The initial 32 pages allocated are there purely just to cause the fragment array to be filled up thus forcing the fseg_alloc_free_page calls that follow to start allocating complete extents for the remaining 128 pages (that the doublewrite buffer actually needs). The code then checks which extents were allocated and adds the initial page numbers for those extents to the TRX_SYS header as the doublewrite buffer allocation. In a typical system, InnoDB would allocate the following pages:

  • Fragment pages 13-44 — Perpetually unused fragment pages, but left allocated to the file segment for the doublewrite buffer.
  • Extent starting at page 64, ending at page 127 — Block 1 of the doublewrite buffer in practice.
  • Extent starting at page 128, ending at page 191 — Block 2 of the doublewrite buffer in practice.

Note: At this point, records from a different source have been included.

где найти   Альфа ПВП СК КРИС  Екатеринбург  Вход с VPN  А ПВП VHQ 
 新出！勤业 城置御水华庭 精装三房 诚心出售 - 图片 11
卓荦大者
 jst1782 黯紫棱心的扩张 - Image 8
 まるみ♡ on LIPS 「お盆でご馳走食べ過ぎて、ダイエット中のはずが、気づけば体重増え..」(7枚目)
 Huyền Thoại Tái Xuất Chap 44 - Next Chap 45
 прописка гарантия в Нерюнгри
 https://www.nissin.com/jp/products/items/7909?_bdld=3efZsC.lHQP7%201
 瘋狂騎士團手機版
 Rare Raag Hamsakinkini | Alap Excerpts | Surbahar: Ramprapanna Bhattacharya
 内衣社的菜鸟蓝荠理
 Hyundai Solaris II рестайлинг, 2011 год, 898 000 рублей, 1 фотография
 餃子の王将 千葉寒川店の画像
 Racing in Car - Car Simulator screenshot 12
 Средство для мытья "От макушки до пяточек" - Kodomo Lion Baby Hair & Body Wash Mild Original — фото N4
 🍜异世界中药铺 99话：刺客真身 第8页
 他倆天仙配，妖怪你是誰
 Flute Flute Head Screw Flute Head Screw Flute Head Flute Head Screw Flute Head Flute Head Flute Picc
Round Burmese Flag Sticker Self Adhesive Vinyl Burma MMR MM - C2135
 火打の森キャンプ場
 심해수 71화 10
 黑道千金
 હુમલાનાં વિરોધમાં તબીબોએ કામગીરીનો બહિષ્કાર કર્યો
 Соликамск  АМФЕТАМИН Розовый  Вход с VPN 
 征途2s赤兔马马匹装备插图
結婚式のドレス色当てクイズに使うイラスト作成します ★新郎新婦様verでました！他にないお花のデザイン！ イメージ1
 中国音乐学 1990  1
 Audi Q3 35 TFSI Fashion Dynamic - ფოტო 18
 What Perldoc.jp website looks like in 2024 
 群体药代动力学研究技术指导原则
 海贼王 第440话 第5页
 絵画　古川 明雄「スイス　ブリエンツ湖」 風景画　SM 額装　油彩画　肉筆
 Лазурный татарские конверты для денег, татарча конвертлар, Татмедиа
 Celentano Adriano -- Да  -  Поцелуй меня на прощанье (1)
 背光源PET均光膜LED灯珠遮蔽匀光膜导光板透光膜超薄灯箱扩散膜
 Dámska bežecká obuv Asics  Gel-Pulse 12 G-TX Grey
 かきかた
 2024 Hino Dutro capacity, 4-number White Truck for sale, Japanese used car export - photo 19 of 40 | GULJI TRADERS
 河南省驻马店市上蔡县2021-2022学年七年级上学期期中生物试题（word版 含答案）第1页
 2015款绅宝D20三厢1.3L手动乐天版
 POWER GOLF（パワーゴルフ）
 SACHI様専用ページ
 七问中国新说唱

Using innodb_ruby to dump file segments (by inode)

I recently added a new space-inodes-detail and space-inodes-summary modes to the innodb_space program in innodb_ruby which can handily show exactly which pages and extents are allocated to a given file segment (trimmed for clarity and reformatted for line wrap; normally printed on a single long line):

$ innodb_space -f ibdata1 space-inodes-detail

INODE fseg_id=15, pages=160,
  frag=32 pages (13, 14, ..., 43, 44),
  full=2 extents (64-127, 128-191),
  not_full=0 extents () (0/0 pages used),
  free=0 extents ()

Here you can clearly see the two complete extents in the file segment’s “full” list, along with the 32 fragment pages.

Conclusions

There are a few ways this could have been avoided, such as freeing the individual pages after the two extents were allocated, or adding a special “no fragments” allocation method. However, as I said at the start it is pretty inconsequential, as it amounts to only 512 KiB per installation. The code could definitely use a rewrite for clarity though, given the nuanced behavior. It could also stand to use one of the existing defines such as FSEG_FRAG_ARR_N_SLOTS or FSEG_FRAG_LIMIT rather than repeating the basically unexplained calculation FSP_EXTENT_SIZE / 2. Additionally rewriting it to use a more meaningful loop structure would be helpful; there’s no reason it needs to allocate all three sets of pages in the same for loop (especially without comments).